DATA RECORDS:
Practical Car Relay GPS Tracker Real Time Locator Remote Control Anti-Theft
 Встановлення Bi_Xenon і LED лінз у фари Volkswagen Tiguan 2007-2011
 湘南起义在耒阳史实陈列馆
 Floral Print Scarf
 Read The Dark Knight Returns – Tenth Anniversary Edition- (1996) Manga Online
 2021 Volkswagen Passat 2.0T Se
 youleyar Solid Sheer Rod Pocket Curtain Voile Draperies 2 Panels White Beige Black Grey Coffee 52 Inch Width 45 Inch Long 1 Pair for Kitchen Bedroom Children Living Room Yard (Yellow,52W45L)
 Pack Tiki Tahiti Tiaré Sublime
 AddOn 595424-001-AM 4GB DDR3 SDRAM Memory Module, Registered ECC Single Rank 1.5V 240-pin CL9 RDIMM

WORK REQUIRED: Retyping the data above exactly and in full is the task.

ANSWER FOR THE TASK:
Practical Car Relay GPS Tracker Real Time Locator Remote Control Anti-Theft
 Встановлення Bi_Xenon і LED лінз у фари Volkswagen Tiguan 2007-2011
 湘南起义在耒阳史实陈列馆
 Floral Print Scarf
 Read The Dark Knight Returns – Tenth Anniversary Edition- (1996) Manga Online
 2021 Volkswagen Passat 2.0T Se
 youleyar Solid Sheer Rod Pocket Curtain Voile Draperies 2 Panels White Beige Black Grey Coffee 52 Inch Width 45 Inch Long 1 Pair for Kitchen Bedroom Children Living Room Yard (Yellow,52W45L)
 Pack Tiki Tahiti Tiaré Sublime
 AddOn 595424-001-AM 4GB DDR3 SDRAM Memory Module, Registered ECC Single Rank 1.5V 240-pin CL9 RDIMM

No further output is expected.